He’s recently connected with Morley Rathbun, an accomplished sculptor and watercolorist on the outside, feted and celebrated until he stabbed his girlfriend-model in the neck. Rathbun now spends his days keep-locked, separated from other prisoners, doing oil portraits of people from his past. But sometimes he takes commissions, smuggled to him by corrupt guards. Months ago Willie sent the solitary artist three cartons and a detailed description. Rathbun’s Bess now hangs in Willie’s cell, its golden-flecked blue eyes looking hauntingly down on Willie while he studies, and sometimes while he writes long letters to the real Bess. Letters he never sends.
I’m in, he says.
The Angel of Death claps him on the back.
Photographer, his camera unjammed, snaps a dozen more shots of Willie and the wooden soldier, then moves Willie to the Christmas tree. Willie delights at the glittering, twinkling lights, and Photographer shoots him delighting. Now Photographer moves Willie to the railing overlooking the ice-skating rink. Willie looks down at the forty or fifty children gliding in slow ovals.
Nice, Photographer says. Yeah, yeah, that’s a cool shot, Willie. Yeah. You look like you’re thinking deep thoughts. Hold it. Shit. I’m out of film.
Photographer rummages in the pockets of his buckskin. I left the film in the car, he says. Be right back.
He runs across Rockefeller Plaza in the direction of the Polara.

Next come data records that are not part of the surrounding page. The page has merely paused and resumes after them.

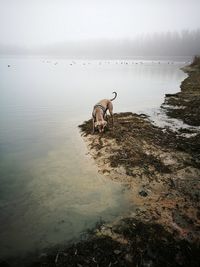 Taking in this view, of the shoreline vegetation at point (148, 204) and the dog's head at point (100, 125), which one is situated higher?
the dog's head at point (100, 125)

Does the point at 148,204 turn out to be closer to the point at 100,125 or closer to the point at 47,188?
the point at 47,188

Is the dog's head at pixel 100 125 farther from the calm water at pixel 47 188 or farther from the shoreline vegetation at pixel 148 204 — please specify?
the calm water at pixel 47 188

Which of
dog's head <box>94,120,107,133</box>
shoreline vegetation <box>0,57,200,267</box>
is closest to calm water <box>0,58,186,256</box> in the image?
shoreline vegetation <box>0,57,200,267</box>

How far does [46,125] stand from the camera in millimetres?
16312

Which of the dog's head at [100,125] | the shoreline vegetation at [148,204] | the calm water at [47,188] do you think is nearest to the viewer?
the shoreline vegetation at [148,204]

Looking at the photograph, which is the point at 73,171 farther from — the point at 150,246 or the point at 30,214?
the point at 150,246

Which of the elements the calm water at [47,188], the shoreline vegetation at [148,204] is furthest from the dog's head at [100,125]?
the calm water at [47,188]

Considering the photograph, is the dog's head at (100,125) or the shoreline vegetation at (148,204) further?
the dog's head at (100,125)

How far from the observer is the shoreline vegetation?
5387mm

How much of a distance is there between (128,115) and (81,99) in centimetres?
1013

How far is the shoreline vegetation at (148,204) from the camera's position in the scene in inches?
212

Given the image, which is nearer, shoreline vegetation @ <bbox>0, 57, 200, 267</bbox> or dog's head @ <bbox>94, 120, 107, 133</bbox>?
shoreline vegetation @ <bbox>0, 57, 200, 267</bbox>

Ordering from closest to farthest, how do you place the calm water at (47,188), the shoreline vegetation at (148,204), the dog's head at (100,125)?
1. the shoreline vegetation at (148,204)
2. the calm water at (47,188)
3. the dog's head at (100,125)

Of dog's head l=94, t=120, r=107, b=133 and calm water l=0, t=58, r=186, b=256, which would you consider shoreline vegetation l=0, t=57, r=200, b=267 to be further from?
calm water l=0, t=58, r=186, b=256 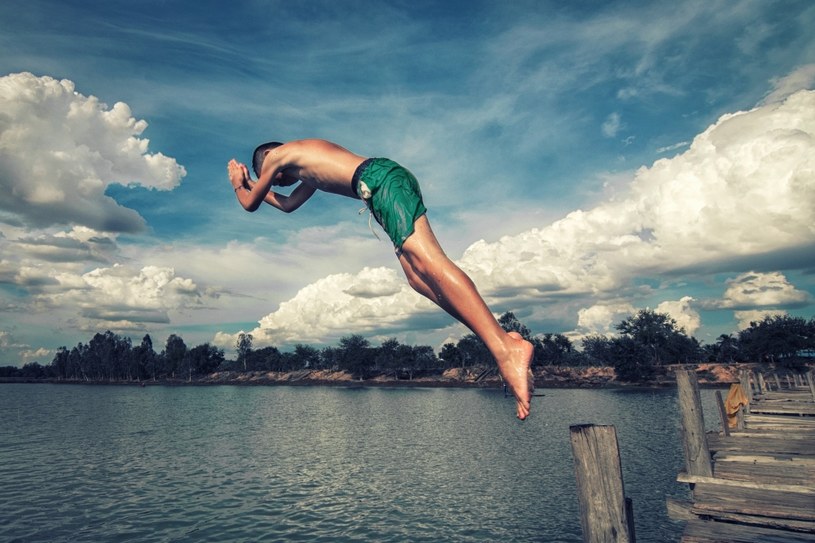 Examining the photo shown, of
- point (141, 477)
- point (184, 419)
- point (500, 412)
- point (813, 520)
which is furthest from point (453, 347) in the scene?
point (813, 520)

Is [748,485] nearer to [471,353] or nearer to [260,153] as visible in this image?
[260,153]

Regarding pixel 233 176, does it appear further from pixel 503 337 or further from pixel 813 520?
pixel 813 520

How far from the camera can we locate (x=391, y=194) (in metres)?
3.42

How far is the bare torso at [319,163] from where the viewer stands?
372cm

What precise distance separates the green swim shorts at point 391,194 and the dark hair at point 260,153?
3.35ft

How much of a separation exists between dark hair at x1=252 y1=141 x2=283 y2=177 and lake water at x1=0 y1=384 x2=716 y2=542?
1861cm

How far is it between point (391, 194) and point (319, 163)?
78 cm

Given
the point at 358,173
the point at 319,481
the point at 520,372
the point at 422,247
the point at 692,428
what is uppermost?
the point at 358,173

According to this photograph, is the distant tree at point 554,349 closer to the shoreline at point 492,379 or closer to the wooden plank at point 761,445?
the shoreline at point 492,379

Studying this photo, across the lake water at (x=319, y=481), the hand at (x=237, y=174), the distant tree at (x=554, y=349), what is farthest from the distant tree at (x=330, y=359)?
the hand at (x=237, y=174)

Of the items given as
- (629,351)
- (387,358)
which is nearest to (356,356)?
(387,358)

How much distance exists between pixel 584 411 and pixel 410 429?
91.1 feet

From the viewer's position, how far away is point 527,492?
24844mm

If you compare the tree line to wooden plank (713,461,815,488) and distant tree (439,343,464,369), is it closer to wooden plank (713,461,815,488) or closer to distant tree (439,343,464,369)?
distant tree (439,343,464,369) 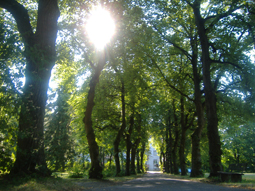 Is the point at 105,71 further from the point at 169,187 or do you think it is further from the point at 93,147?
the point at 169,187

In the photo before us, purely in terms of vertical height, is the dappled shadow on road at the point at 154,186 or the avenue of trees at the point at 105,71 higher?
the avenue of trees at the point at 105,71

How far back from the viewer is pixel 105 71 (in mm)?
21359

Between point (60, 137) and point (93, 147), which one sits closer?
point (93, 147)

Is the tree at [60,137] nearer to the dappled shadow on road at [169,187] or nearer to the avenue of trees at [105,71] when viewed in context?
the avenue of trees at [105,71]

Sutton lights a Chesterfield. He looks across the rink at an enormous golden statue. He calls back to Reporter: Who’s that statue of kid?
Reporter steps forward. Prometheus.
Very good. You know your mythology. What’d he do?
Stole fire from the gods, gave it to mortals.
He get away with it?
Not exactly. He was chained to a rock and birds pecked at his liver for eternity.
He must’ve had one of my lawyers. In the joint I read a booklet about religion. Alfred North Whitehead, brilliant guy. He said every religion at heart is the story of a man, totally alone, forsaken by God.
Do you think that’s true?
It’s all just theories kid. Theories and stories.
So, after the sewer debacle, Mr. Sutton—what then?
We dug a tunnel. Everything I went through in prison was a life lesson, but none quite like that tunnel. It seemed so hopeless at first. Every day we’d chip chip chip away, and every night we’d have almost nothing to show for it. We’d encourage each other, tell each other—little by little. Keep on. I still get letters from all around the world, people saying that my tunnel inspired them. People battling illnesses, people faced with all kinds of crises, write to me and say if Willie Sutton can tunnel out of a hellhole like Eastern State, they can tunnel out of their problem, whatever it is.
How long was this tunnel?
Hundred feet.
You dug a hundred feet underneath the prison—with just your hands? That seems impossible.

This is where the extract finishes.